◆ Problem details ◆
Each line of the data below from the one holding "Könyvelő és ügyfél" to the one holding "a view of a lake in middle of the forest", inclusive, is to be reproduced exactly; no other line belongs in the answer.

Records from a data collection:
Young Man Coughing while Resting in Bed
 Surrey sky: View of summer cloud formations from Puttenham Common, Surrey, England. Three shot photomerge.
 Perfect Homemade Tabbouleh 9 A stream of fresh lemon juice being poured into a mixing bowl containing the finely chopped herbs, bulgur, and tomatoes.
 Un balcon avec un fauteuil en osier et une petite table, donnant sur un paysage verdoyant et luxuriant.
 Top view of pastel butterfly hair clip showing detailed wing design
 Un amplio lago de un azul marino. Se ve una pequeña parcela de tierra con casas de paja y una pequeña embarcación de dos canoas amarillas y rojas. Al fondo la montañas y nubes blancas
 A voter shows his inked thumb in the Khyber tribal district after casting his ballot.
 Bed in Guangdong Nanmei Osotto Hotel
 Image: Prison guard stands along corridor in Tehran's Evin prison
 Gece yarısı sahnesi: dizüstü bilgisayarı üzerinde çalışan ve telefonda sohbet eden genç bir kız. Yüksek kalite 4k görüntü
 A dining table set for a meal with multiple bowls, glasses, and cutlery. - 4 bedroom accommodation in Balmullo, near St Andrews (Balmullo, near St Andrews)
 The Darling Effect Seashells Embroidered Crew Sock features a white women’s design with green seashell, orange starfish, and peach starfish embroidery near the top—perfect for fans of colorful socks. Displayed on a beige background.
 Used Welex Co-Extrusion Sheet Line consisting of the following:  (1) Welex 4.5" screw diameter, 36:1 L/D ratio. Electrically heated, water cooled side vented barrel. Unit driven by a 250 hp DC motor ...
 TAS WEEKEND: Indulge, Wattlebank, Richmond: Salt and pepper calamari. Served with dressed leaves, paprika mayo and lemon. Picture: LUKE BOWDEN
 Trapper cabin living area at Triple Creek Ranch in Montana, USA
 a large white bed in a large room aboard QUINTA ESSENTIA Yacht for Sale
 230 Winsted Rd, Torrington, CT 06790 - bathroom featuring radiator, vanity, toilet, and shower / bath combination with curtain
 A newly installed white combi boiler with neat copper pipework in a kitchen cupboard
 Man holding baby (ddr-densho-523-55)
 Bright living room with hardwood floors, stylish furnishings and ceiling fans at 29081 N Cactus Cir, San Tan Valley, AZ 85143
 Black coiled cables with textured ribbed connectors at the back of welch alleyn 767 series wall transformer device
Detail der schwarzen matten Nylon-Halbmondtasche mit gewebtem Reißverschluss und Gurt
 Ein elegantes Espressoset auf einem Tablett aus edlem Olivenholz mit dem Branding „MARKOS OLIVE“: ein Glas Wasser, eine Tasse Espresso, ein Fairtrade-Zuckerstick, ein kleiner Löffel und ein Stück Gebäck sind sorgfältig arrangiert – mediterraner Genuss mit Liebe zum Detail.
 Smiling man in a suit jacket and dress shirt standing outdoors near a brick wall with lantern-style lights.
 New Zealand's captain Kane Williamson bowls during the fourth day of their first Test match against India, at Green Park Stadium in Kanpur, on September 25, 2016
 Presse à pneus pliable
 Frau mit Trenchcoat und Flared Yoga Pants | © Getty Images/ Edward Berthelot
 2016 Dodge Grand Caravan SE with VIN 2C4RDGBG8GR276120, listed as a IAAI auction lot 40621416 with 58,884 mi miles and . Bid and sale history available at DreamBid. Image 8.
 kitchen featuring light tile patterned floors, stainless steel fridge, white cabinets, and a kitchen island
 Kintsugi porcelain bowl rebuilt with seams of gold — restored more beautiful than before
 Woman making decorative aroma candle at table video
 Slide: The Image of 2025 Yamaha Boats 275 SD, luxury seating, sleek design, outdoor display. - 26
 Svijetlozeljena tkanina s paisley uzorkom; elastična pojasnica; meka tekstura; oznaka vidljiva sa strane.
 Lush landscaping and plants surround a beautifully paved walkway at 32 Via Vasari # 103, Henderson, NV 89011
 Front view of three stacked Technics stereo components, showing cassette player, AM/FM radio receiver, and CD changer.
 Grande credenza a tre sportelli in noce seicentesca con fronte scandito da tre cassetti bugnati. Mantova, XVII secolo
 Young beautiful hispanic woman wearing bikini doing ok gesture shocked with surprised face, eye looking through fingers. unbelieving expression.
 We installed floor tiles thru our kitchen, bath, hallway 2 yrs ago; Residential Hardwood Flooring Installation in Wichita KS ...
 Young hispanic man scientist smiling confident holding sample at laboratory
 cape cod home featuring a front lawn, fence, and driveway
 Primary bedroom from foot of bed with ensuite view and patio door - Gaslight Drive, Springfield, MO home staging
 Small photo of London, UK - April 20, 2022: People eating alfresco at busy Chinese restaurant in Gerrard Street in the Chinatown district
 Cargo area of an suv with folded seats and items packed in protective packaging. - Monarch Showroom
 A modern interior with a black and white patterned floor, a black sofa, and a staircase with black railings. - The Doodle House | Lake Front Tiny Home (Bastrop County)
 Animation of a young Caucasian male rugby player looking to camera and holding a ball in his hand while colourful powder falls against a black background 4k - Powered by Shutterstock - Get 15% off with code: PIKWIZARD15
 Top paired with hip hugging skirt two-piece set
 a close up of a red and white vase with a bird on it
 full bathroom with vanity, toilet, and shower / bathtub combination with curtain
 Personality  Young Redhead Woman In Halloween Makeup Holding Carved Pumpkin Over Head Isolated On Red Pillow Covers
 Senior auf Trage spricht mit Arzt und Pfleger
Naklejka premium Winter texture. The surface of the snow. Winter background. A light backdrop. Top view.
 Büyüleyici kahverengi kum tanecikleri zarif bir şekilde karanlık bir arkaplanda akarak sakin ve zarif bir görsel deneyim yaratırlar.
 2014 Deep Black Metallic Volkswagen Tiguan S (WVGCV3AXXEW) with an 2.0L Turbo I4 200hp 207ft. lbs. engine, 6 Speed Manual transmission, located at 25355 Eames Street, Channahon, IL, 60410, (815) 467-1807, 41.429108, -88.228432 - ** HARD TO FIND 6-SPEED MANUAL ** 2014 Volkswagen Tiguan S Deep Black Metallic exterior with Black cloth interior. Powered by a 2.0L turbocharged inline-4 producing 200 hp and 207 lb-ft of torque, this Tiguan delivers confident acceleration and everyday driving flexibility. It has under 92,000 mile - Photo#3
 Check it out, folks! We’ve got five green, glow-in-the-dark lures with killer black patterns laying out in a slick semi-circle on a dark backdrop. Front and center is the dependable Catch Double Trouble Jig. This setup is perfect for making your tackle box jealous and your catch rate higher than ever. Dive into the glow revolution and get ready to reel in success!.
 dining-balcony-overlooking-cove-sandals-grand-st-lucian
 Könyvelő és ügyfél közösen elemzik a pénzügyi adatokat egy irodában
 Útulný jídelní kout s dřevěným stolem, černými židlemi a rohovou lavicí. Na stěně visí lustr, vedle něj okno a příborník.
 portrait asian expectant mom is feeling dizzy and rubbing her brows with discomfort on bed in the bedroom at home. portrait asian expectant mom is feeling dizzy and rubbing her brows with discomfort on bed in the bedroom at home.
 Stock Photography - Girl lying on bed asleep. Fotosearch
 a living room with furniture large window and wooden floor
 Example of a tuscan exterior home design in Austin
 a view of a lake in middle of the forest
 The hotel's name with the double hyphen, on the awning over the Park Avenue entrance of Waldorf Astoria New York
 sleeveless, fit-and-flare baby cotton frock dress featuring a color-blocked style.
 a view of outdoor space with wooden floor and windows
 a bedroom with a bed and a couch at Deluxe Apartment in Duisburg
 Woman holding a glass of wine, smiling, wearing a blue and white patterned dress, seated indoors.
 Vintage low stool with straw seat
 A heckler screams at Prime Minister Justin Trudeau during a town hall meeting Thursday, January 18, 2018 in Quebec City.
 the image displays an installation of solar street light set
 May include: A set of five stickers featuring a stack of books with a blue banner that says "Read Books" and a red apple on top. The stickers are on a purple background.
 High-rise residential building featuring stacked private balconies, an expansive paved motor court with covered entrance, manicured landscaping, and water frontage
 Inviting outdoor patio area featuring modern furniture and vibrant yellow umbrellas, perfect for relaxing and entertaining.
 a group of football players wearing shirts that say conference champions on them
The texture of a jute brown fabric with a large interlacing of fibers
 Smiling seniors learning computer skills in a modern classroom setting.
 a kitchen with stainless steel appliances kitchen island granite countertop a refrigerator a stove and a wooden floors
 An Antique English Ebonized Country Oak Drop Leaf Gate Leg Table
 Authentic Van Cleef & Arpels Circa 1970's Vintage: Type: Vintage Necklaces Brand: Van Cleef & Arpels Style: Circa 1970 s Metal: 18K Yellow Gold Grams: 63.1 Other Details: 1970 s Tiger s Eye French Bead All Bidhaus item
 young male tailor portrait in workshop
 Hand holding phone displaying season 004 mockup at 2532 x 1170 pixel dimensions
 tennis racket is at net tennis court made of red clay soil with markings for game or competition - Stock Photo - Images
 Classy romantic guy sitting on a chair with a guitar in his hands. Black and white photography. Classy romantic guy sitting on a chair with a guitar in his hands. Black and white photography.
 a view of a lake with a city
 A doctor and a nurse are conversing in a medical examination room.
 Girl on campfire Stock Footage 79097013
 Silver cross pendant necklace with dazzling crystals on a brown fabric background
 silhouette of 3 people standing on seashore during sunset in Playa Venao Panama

◆ Task solution ◆
 Könyvelő és ügyfél közösen elemzik a pénzügyi adatokat egy irodában
 Útulný jídelní kout s dřevěným stolem, černými židlemi a rohovou lavicí. Na stěně visí lustr, vedle něj okno a příborník.
 portrait asian expectant mom is feeling dizzy and rubbing her brows with discomfort on bed in the bedroom at home. portrait asian expectant mom is feeling dizzy and rubbing her brows with discomfort on bed in the bedroom at home.
 Stock Photography - Girl lying on bed asleep. Fotosearch
 a living room with furniture large window and wooden floor
 Example of a tuscan exterior home design in Austin
 a view of a lake in middle of the forest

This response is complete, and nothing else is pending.